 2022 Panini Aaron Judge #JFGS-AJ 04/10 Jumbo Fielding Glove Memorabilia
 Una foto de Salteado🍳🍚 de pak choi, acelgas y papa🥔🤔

--

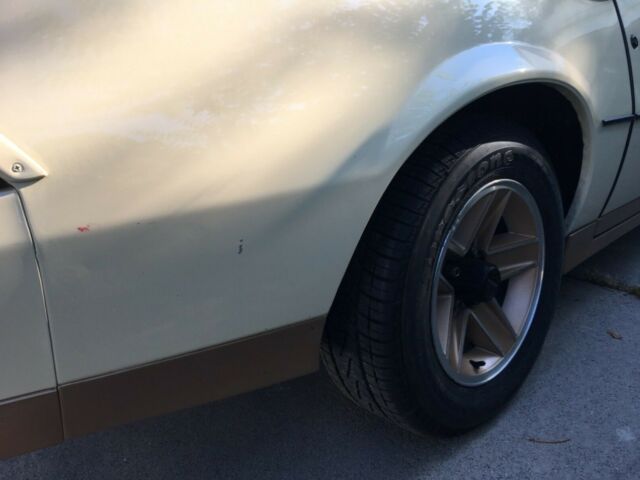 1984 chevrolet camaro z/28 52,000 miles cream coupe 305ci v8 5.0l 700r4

What this task involves :: Copy out the range of lines above starting at the line with "2022 Panini Aaron" and ending at the line with "Una foto de", exactly and including both.

Written response ::
 2022 Panini Aaron Judge #JFGS-AJ 04/10 Jumbo Fielding Glove Memorabilia
 Una foto de Salteado🍳🍚 de pak choi, acelgas y papa🥔🤔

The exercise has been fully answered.